Fun Stuff > ENJOY
Books that changed your life
Misereatur:
--- Quote from: Lise ---The Curious Incident of the Dog in the Night Time
--- End quote ---
I heard so much about it, and after I read it it was just 'meh'. I was really disappointed.
GuitarJunkie:
The one I have to say would be "Crime and Punishment" by Dostoevsky more than anything else. Much more than anything else I've read.
On the Road along with "Dharma Bums both influenced me pretty deeply and also influenced my choice of avatar.
Default.mp3:
All Quiet on the Western Front, by Erich Maria Remarque. It has basically been the most illuminating account about the capacities and limits of the human psyche. Heart-wrenching ending.
The Things They Carried, by Tim O'Brien. Just wow. This book showed me how the difference between reality and what happens in your mind is minimal, and far too easily blurred.
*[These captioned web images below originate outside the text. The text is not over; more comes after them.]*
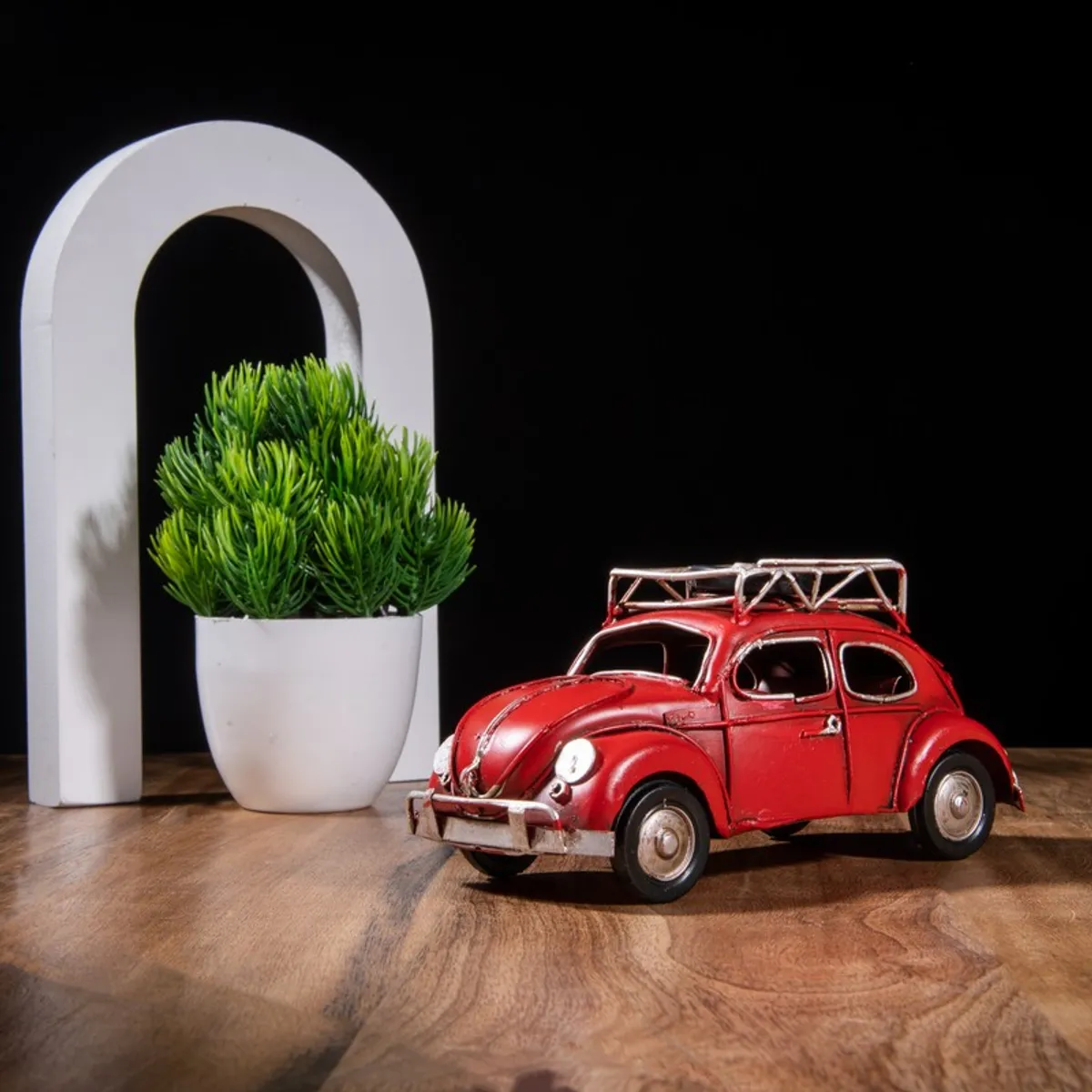 Red vintage car showpiece with roof rack on a tabletop
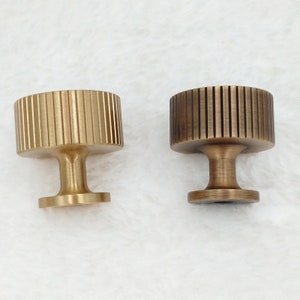 May include: Two brass cabinet knobs with a fluted design. The knob on the left is a polished brass finish, while the knob on the right is an antique brass finish.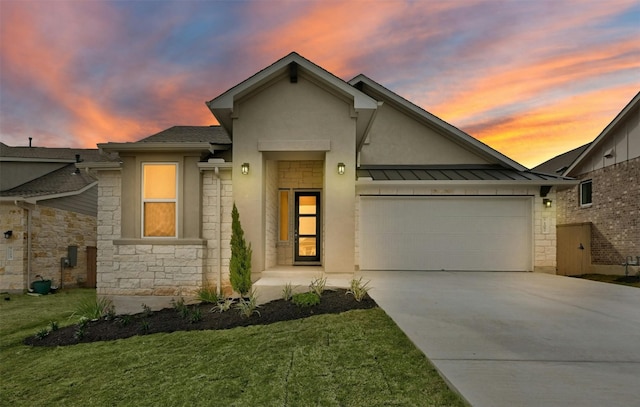 view of front of house with a yard and a garage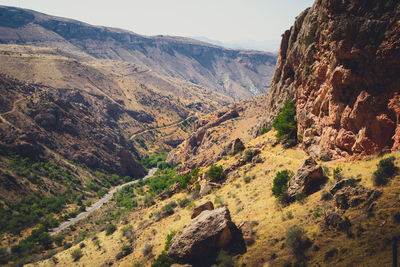 High angle view of rocky mountains against sky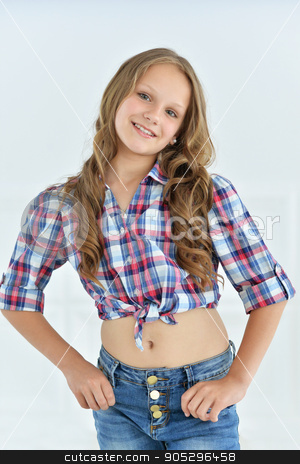 To use this stock image in your creative project, please select the size you need over to the right and click the "Add to Cart" button.
Your downloaded image will come with the Cutcaster watermark removed so don’t worry about the watermark you see on this page. cute little girl posing stock photo, cute little girl posing in shirt and jeans in studio by Ruslan Huzau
Hyperspace: A Scientific Odyssey Through Parallel Universes, Time Warps, and the 10th Dimension, by Michio Kaku. A science popularizer about modern physics, such as string theory, chaos theory, M theory, etc. (shut up already, if you like books, your a nerd; what books it is matters not). It basically gave me a whole new outlook on life, and the implications of our actions.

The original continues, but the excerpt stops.